### [Data for this task]
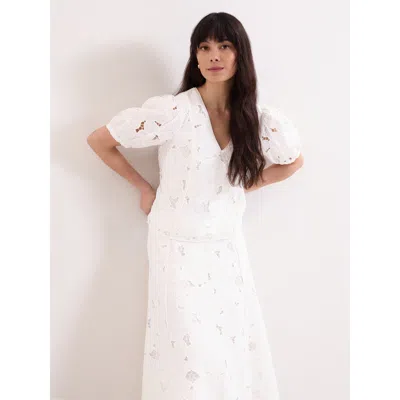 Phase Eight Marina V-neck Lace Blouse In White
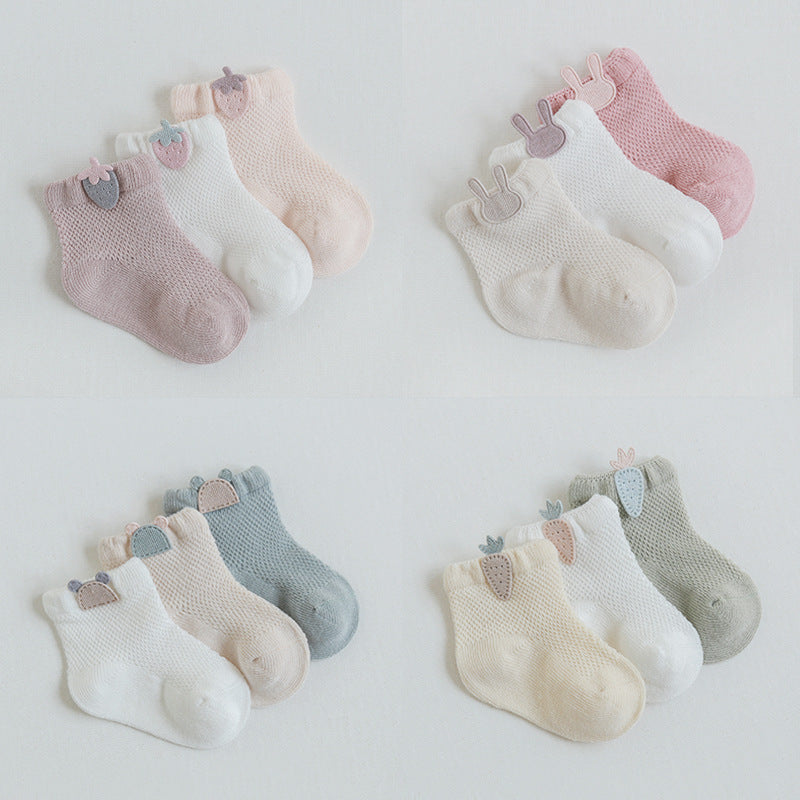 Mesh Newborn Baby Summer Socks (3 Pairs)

==

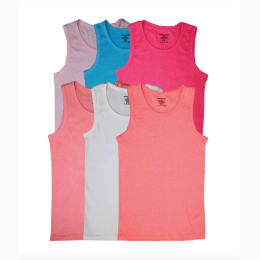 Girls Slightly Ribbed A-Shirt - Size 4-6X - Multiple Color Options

==

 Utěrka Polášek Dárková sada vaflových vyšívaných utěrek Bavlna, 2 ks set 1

### [Work instruction]
In the listing above, find the line with "Phase Eight Marina" and the line with "Mesh Newborn Baby Summer Socks (3 Pairs)". Output both, plus every line between them, and no pictures.

### [Result of this task]
 Phase Eight Marina V-neck Lace Blouse In White
 Mesh Newborn Baby Summer Socks (3 Pairs)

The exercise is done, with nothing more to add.